中堅自動車部品メーカー 相次ぎ電動二輪事業参入、コミューター系に商機

中堅の自動車部品メーカー各社が、電動二輪車事業に相次ぎ進出している。武蔵精密工業はインドに現地法人を新設し、2030年に駆動部品を年間100万基生産する。TBKはアルミ製電池ケースの量産を年内にタイで始める。四輪車向けの電動部品は単価が高い半面、メガサプライヤーを含めて競争が激しい。コミューター系と呼ばれる小排気量車から電動化が進む二輪車は、世界シェア5割を握る日系以外に製造メーカーも多い。各社は付加価値を高めた部品を幅広く売り込み、事業基盤を広げたい考えだ。

武蔵精密工業は、ギアボックスとモーターを一体化した電動駆動ユニットを来年2月にも市場投入する。内燃機関車で培った変速機向けの技術を応用し、排気量125ccクラスと同等以上の性能を持たせた。豊田通商などと合弁でインドに現地法人を立ち上げ、30年には年間100万基を供給する計画だ。

TBKは、電動二輪車向けアルミ製電池ケースを年内にタイ工場で量産する。すでに中国のセル(単電池)メーカーから受注を獲得した。まず、月産数百個のペースで生産を始め、段階的に増やす。

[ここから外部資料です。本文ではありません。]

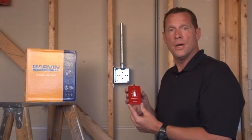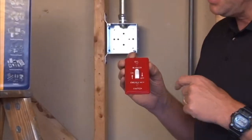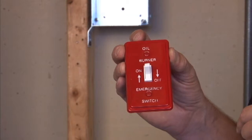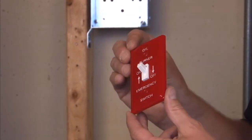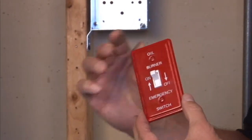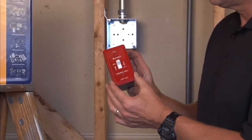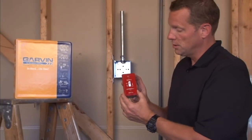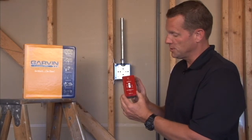Part number BPO19350 is a handy box cover that is painted emergency red with on and off arrow indicators for oil burner furnaces. This emergency on-off cover allows you to attach a standard toggle switch directly to the cover, and it fits on standard handy boxes of any variety, thereby creating an emergency oil burner switch indicating the on and off positions.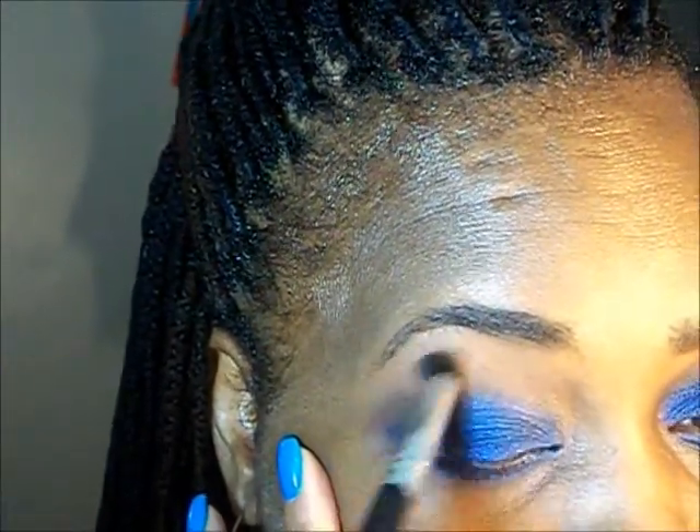I'm going to use a lighter matte brown and this is another from NYX and this is Blame It on Midnight. I'm going to go back in with the first brown I used, Dance to Tides.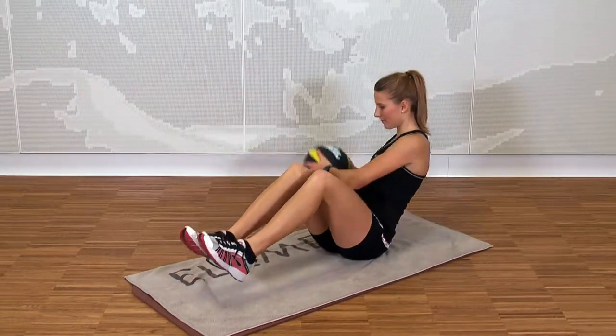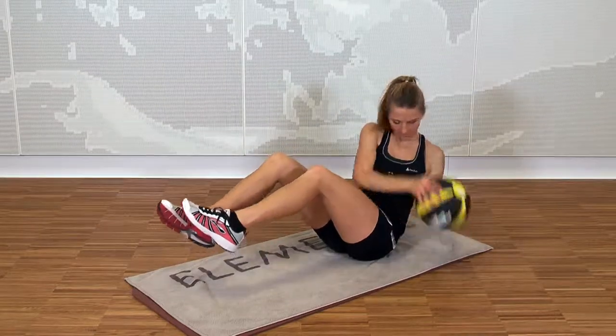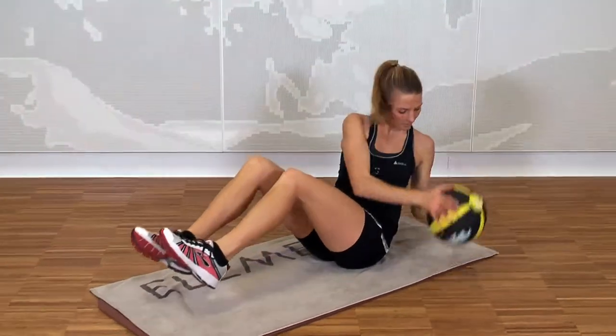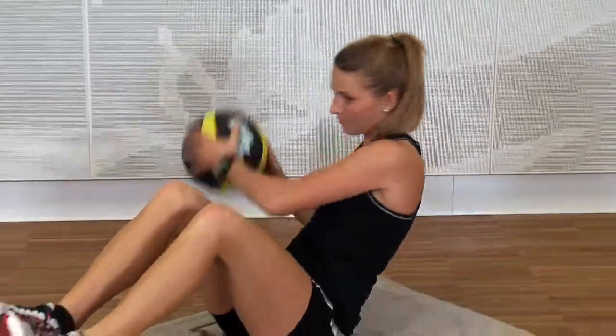Sit on the floor, position your feet and keep your upper body upright. Bring the medicine ball to one side of your body with both hands and then keep alternating it from one side to the other.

ミツバも駆動モーターとコントローラーを一体化した駆動システムを開発中だ。モーターの「占積率」を高める専用の巻線技術を開発し、重量やコストを減らした。年内にインド工場で試作ラインを立ち上げ、27年度には年間30万~40万基を生産できる体制を整える。

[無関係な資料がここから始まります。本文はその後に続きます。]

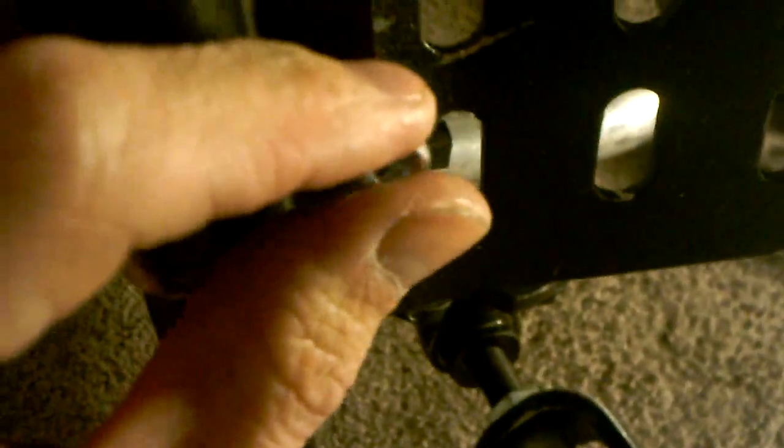It's kind of hard to do with one hand while holding the camcorder, but I was able to do it. I hand-tightened those in. What I'm going to do next is get a wrench and a Phillips screwdriver to tighten it in even better, because hand-tight it's still a little loose — I'm not sure if that's because the hole is stripped.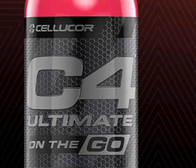The C4 Ultimate on-the-go shots now include five flavors to choose from — those flavors being Orange, Arctic Snow Cone, Watermelon, and Blue Raspberry, Blue Raspberry being my personal favorite.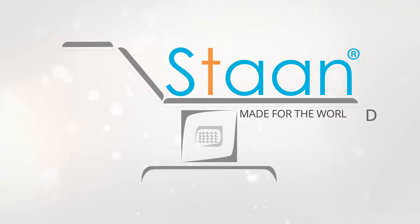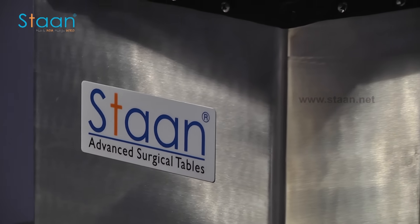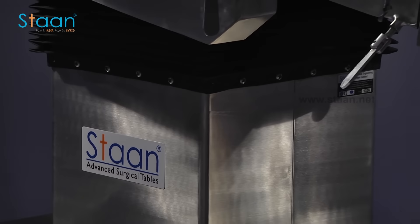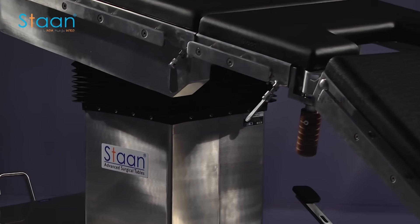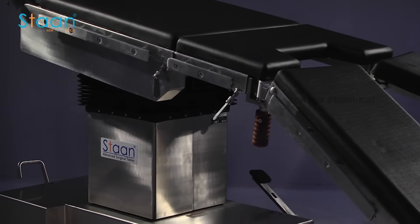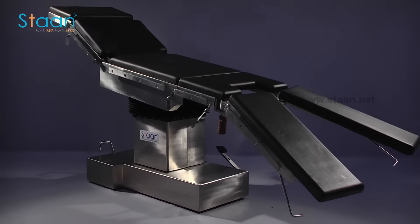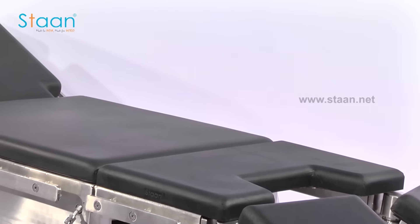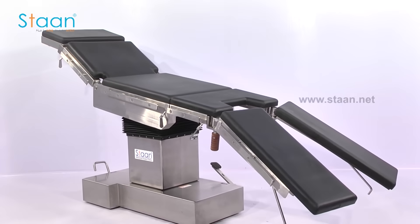STAN made for the world. Welcome to STAN Advanced Surgical Tables — Warrior. We feel proud to introduce our product, Warrior. Warrior is a cost-efficient, eight-function, multi-purpose electric operating table.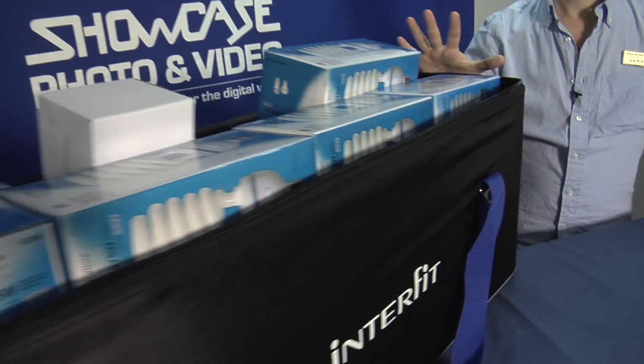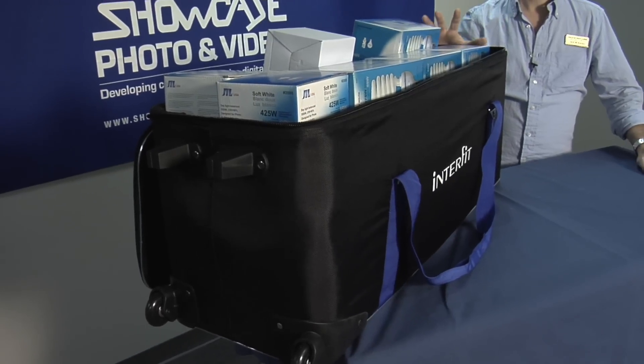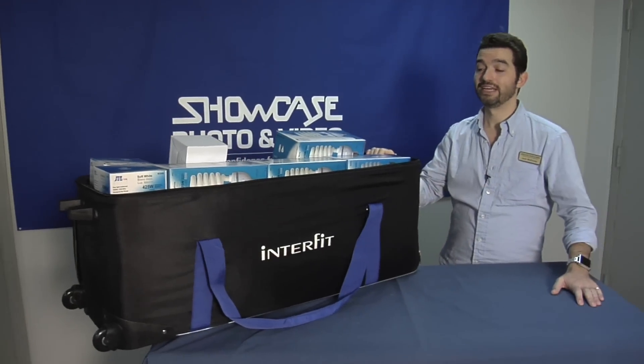This kit is ultra portable, lightweight, and easy for one person to carry around and set up. It's ideal for small interview setups, highly configurable with the three lights, and really could be used for anything in a small space.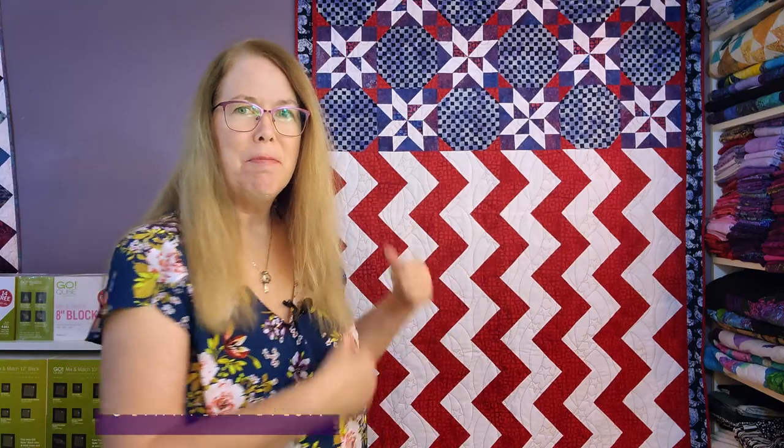Hi and welcome to week four of the Patriot Quilt Along. This is Patriot and we are now in week four of making it. Up to this point we've talked about fabric selection and yardage adjustments you might want to make depending on which methods you're using to make the units. Week two we discussed how to make flying geese and then last week we discussed how to make half square triangles.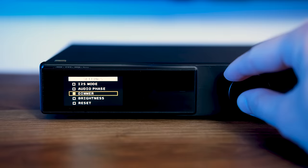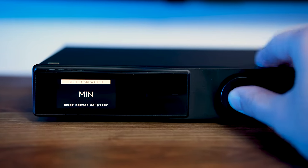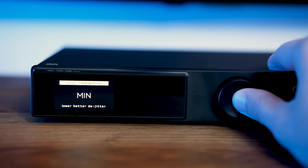Being an SMSL, it has a color display with nice menus to tinker with. You can change digital filters and sound color. One thing I always suggest is go into the DPLL setting and put it on the minimum — that way you'll gain a little bit of fidelity for no cost at all, as long as the connection is stable, which it usually is with a digital source.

二輪車の世界市場は年間で約5千万台ほど。このうちコミューター系が9割を占め、主戦場はインドや中国、東南アジア諸国連合(ASEAN)地域などだ。二輪車は四輪車のように大量の電池を積めず、ファン系と呼ばれる中・大型車は電動化のハードルが高い。一方で、コミューター系はファン系ほど航続距離を延ばす必要がなく、電池交換式の事業モデルにも向く。各国政府の優遇制度も追い風に電動化が進み始めた。

二輪車より環境規制が厳しい四輪車でも電気自動車(EV)シフトが進む。ただ、モーターやインバーター、電池ケースなど新たな部品の需要が膨らむ一方で競合も多く、開発や量産競争が激しい。中堅各社は、二輪車や「超小型モビリティ」などの電動化部品に投資を振り向けて生き残りを目指す。